Llama-3-8B LoRA — Movie Rating (4-bit)

A lightweight LoRA adapter on top of unsloth/Meta-Llama-3.1-8B-bnb-4bit that predicts a film’s TMDB vote_average (0–10, one decimal) from a structured “movie-features” prompt.

Model Details

Field Value
Developed by YijingOlivia
Base model unsloth/Meta-Llama-3.1-8B-bnb-4bit
LoRA rank / targets r = 16, targets q_proj, v_proj
Trainable params ≈ 2 M
Quantisation 4-bit NF4 (Bits-and-Bytes)
Language English prompt / numeric output
License Apache-2.0
Hardware Google Colab T4 (15 GB VRAM)
Precision bf16 activations + 8-bit optimiser

Model Sources

Uses

Direct Use

Feed a prompt that follows the training template, generate ≤ 8 tokens, then take the first floating-point number.
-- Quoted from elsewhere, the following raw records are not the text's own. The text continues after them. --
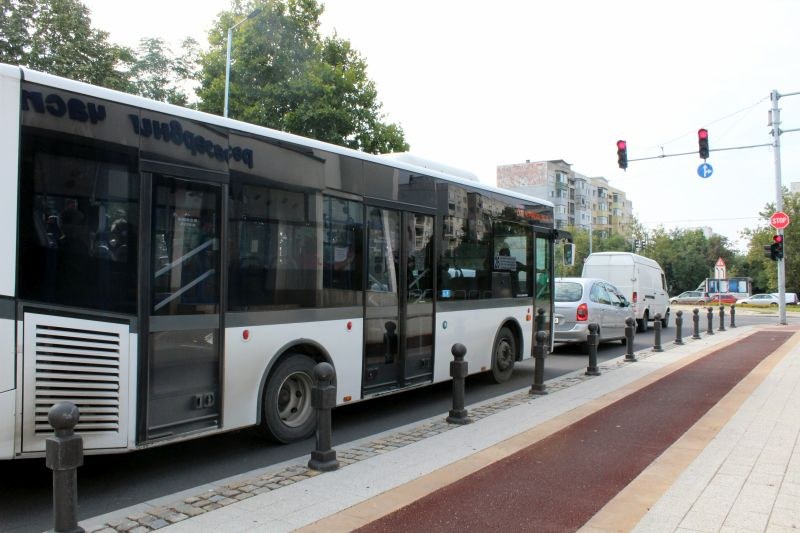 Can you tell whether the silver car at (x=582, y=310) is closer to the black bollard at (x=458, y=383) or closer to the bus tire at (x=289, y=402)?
the black bollard at (x=458, y=383)

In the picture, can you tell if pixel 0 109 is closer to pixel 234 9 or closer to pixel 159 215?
pixel 159 215

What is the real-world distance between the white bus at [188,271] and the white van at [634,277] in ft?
47.1

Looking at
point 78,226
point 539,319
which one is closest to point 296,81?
point 539,319

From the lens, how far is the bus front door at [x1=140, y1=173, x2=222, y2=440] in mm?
5258

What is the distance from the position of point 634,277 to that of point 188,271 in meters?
18.2

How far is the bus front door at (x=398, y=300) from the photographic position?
7.59 metres

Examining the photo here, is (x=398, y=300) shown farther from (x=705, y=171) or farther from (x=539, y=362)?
(x=705, y=171)

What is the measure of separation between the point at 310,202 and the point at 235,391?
2.11m

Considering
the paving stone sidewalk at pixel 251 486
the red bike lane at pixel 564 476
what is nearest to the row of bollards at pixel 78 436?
the paving stone sidewalk at pixel 251 486

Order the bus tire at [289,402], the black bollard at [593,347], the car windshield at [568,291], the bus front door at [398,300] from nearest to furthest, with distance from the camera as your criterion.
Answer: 1. the bus tire at [289,402]
2. the bus front door at [398,300]
3. the black bollard at [593,347]
4. the car windshield at [568,291]

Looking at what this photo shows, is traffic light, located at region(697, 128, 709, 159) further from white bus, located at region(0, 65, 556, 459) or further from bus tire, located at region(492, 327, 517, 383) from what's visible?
white bus, located at region(0, 65, 556, 459)

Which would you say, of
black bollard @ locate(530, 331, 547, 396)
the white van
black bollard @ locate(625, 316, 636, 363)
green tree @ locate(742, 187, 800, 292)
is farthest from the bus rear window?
green tree @ locate(742, 187, 800, 292)

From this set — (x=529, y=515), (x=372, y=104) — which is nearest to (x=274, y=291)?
(x=529, y=515)

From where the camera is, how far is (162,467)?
5.93 m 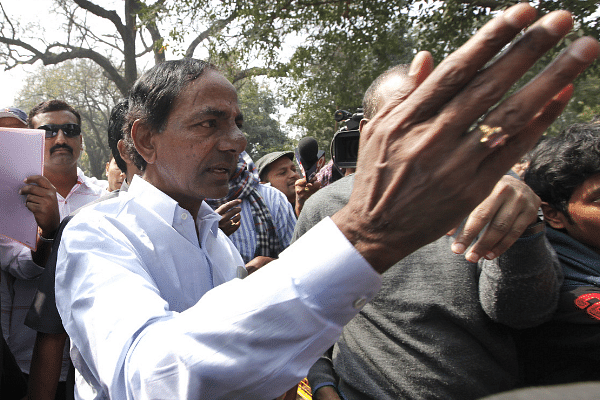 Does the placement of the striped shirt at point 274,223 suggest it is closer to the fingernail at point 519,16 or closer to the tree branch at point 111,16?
the fingernail at point 519,16

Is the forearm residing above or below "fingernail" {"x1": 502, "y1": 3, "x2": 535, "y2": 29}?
below

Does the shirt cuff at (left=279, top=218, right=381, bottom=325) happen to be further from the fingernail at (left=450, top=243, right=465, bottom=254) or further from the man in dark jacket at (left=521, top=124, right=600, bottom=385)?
the man in dark jacket at (left=521, top=124, right=600, bottom=385)

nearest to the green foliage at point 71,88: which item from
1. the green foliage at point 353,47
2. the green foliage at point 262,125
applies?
the green foliage at point 262,125

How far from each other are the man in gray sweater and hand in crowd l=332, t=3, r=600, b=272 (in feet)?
2.46

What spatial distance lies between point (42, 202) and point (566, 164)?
98.6 inches

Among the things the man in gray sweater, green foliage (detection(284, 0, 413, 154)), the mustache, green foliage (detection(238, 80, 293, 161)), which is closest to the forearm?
the man in gray sweater

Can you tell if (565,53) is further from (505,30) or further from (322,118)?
(322,118)

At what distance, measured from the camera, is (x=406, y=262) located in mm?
1655

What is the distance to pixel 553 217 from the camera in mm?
1856

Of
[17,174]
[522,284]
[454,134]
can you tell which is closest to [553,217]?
[522,284]

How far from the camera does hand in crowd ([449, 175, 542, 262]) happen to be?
948 mm

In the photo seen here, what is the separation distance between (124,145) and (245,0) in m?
7.14

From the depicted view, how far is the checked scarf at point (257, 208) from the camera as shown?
306cm

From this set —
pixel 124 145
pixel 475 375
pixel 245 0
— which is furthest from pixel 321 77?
pixel 475 375
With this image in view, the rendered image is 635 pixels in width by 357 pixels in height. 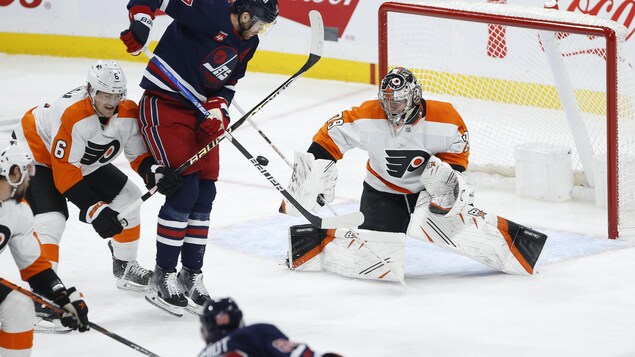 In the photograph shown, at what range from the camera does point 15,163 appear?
3312 millimetres

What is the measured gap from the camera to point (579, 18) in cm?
530

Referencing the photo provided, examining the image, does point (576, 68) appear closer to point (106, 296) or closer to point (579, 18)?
point (579, 18)

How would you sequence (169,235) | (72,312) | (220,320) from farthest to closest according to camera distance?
(169,235) → (72,312) → (220,320)

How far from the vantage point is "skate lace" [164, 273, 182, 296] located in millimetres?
4195

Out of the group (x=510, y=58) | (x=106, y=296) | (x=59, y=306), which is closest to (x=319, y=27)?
(x=106, y=296)

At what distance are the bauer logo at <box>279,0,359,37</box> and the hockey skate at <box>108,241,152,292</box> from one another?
144 inches

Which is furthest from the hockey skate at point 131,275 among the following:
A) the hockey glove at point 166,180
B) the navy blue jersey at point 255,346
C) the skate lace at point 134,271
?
the navy blue jersey at point 255,346

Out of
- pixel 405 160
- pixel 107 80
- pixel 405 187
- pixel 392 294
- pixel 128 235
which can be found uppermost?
pixel 107 80

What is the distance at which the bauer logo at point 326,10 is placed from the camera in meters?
7.85

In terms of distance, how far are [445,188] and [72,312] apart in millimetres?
1685

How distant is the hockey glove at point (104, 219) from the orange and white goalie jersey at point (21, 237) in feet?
1.81

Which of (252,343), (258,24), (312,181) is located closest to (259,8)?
(258,24)

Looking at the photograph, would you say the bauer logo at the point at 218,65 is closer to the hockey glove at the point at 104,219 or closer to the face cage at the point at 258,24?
the face cage at the point at 258,24

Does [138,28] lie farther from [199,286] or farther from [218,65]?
[199,286] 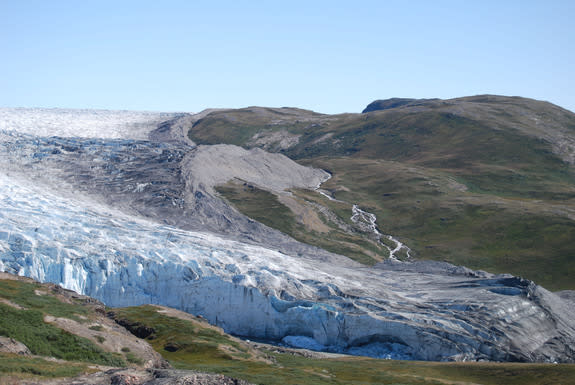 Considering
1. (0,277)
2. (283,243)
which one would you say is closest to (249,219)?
(283,243)

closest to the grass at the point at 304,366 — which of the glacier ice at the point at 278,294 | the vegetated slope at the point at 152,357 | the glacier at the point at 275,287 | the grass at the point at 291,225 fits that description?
the vegetated slope at the point at 152,357

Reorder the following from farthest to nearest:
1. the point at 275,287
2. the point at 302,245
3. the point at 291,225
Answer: the point at 291,225 < the point at 302,245 < the point at 275,287

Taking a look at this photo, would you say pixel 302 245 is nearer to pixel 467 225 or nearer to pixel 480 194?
pixel 467 225

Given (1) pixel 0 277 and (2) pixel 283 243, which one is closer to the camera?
(1) pixel 0 277

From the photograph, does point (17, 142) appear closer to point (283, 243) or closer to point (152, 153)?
point (152, 153)

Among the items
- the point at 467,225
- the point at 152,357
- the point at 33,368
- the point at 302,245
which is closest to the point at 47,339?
the point at 152,357

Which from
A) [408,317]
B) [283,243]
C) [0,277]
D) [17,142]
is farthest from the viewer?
[17,142] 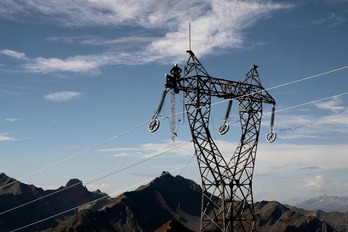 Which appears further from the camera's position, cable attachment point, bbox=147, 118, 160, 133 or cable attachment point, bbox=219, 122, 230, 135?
cable attachment point, bbox=219, 122, 230, 135

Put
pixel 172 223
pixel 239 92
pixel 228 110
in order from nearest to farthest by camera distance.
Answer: pixel 239 92 → pixel 228 110 → pixel 172 223

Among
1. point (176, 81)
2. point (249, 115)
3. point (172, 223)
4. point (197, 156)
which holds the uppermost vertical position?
point (176, 81)

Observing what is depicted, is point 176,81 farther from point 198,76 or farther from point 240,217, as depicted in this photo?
point 240,217

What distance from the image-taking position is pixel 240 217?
3103 centimetres

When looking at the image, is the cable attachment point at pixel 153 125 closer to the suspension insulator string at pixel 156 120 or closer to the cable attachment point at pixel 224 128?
the suspension insulator string at pixel 156 120

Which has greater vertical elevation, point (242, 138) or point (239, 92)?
point (239, 92)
Example & How to Get Started

from transformers import AutoTokenizer, AutoModelForCausalLM, BitsAndBytesConfig
from peft import PeftModel

base = "unsloth/Meta-Llama-3.1-8B-bnb-4bit"
lora = "YijingOlivia/llama3-movie-rating-lora"

bnb_cfg = BitsAndBytesConfig(load_in_4bit=True, bnb_4bit_quant_type="nf4")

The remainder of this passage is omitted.